***** Dataset *****
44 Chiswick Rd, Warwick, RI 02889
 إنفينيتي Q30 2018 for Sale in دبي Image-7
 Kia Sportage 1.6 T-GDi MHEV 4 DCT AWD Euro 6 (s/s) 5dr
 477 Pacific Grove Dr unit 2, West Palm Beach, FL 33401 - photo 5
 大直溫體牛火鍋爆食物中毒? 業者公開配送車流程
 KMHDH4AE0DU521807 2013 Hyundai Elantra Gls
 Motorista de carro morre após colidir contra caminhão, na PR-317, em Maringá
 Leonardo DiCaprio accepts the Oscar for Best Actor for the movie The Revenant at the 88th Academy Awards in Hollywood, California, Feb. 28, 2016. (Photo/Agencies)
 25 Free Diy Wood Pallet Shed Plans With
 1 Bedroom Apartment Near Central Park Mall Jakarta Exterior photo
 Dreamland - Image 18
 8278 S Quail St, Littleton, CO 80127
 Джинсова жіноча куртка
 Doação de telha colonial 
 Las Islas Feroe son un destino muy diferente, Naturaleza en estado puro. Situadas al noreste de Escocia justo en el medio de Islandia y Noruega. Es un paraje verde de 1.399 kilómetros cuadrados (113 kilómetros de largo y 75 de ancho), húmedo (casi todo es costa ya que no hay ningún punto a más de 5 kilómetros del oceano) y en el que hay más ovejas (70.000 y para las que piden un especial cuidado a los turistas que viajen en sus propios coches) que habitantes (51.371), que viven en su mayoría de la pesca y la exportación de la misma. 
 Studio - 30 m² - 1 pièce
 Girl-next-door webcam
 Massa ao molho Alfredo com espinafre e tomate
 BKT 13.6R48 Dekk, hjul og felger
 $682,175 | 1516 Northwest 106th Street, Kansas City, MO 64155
*****
# What you should do
State how many lines in the entries above hold the word "Image", with no further text.

# Output
2